ON EDIT: I see that they also added a "premiere edition" sydney to the fold. At least they defined this one well.


----------



## egregg57 (Feb 13, 2006)

California Jim said:


> Interesting. The monster model 30QBHS-LE is 33' but claimed to be only 5940# dry weight. Compare that to the same floorplan of the 31RQS at 7300# dry, and ya wonder how they did it
> 
> 
> 
> ...


 You hit the nail on the head Jim. The Keystone reps told me they were still "working out a few bugs." What I am very curious about is the LE models with the electric awning, max air fan, lcd tv and aluminum rims at no additional cost over the original model. Curious.... But Never-the-less I have called Keystone again and asked for digital photo's. Our local dealer does not have any of these on thier lot or on thier radar yet. Additionally there are more changes to be revealed so I am told.

Eric


----------



## wolfwood (Sep 19, 2005)

I'm obviously not in the market but...um...wouldn't it be a reasonable thing for a manufacturer to put the new stuff...um...into their marketing plan? Marketing plans usually include brochures & web sites







Unreleased, unannounced, secret changes (even to dealers) probably won't help their Sales numbers much







0

I don't know the models that these LEs are based on....do you guys see key differences? The 21 looks to me like a modified 25rs-s....







Maybe there's been an assumtion that an "LE" would be a special offer to include MORE cool stuff on only a few models for limited time. It's sounding more & more like they have produced a few models based on prior floorplans but with FEWER amenities - maybe to attract families who don't need, want, or can't afford the full-blown foundation model.









If that's what they're doing - good for them...hope it works to increase their sales and presents a few Outback models to families who would otherwise buy a poorer quality product. Can't really slam Keystone for taking a turn that is different from what may have been assumed to be the meaning of "LE".

Just a thought....


----------



## camping479 (Aug 27, 2003)

Coachlight RV sales posted this on another thread about 2008 floorplans. Looks like the LE models come with some nice upgrades.



> Here is the information on the LE's
> 21RSLE - same floorplan as 21rs with a few changes like no shelf above bed etc
> 30QBSLE- front queen with large 18" depth slide and four bunks in rear
> The LE's have less options and priced less
> ...





> The 21 looks to me like a modified 25rs-s....


The 21RS has been around for a long time, I'm kind of suprised they would offer a limited edition model of one of the smallest trailers in the line, you would think they would offer it on only the larger models.

Mike


----------



## Nathan (Jan 2, 2007)

Anyone wanting to see photos of a 30QBHS LE, check out here: Holman RV
At least last year, all photos on their website were of the actual trailer.


----------



## Racechasers (Feb 22, 2005)

Was just at the Hershey show yesterday and the Outback rep told me that in November they are going to release 5 new floor plans for the Sydney 5th wheel which will include bed slides and bunkhouse slides.

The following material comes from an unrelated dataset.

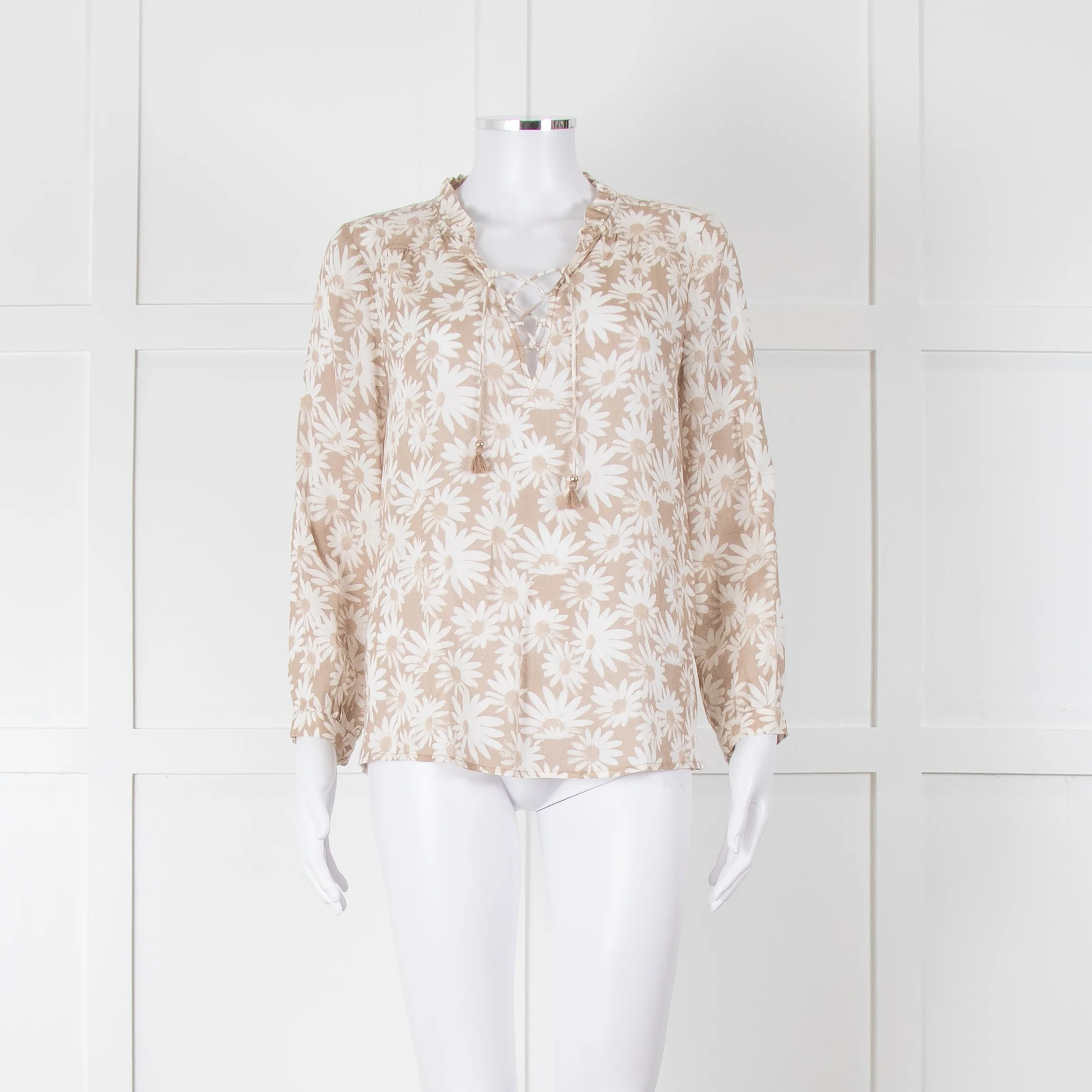 Paige Beige And White Daisy Print Top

He offered that information because I had told him I was looking for an upgrade to my current Outback but didn't like what they currently offered in the form of a bunkhouse 5er model.

The show was great anyone that can should check it out!! I'm going back Saturday.


----------



## Nathan (Jan 2, 2007)

Racechasers said:


> Was just at the Hershey show yesterday and the Outback rep told me that in November they are going to release 5 new floor plans for the Sydney 5th wheel which will include bed slides and bunkhouse slides. He offered that information because I had told him I was looking for an upgrade to my current Outback but didn't like what they currently offered in the form of a bunkhouse 5er model.
> 
> The show was great anyone that can should check it out!! I'm going back Saturday.


Good news! Of course, I'm not looking....


----------



## egregg57 (Feb 13, 2006)

Racechasers said:


> Was just at the Hershey show yesterday and the Outback rep told me that in November they are going to release 5 new floor plans for the Sydney 5th wheel which will include bed slides and bunkhouse slides.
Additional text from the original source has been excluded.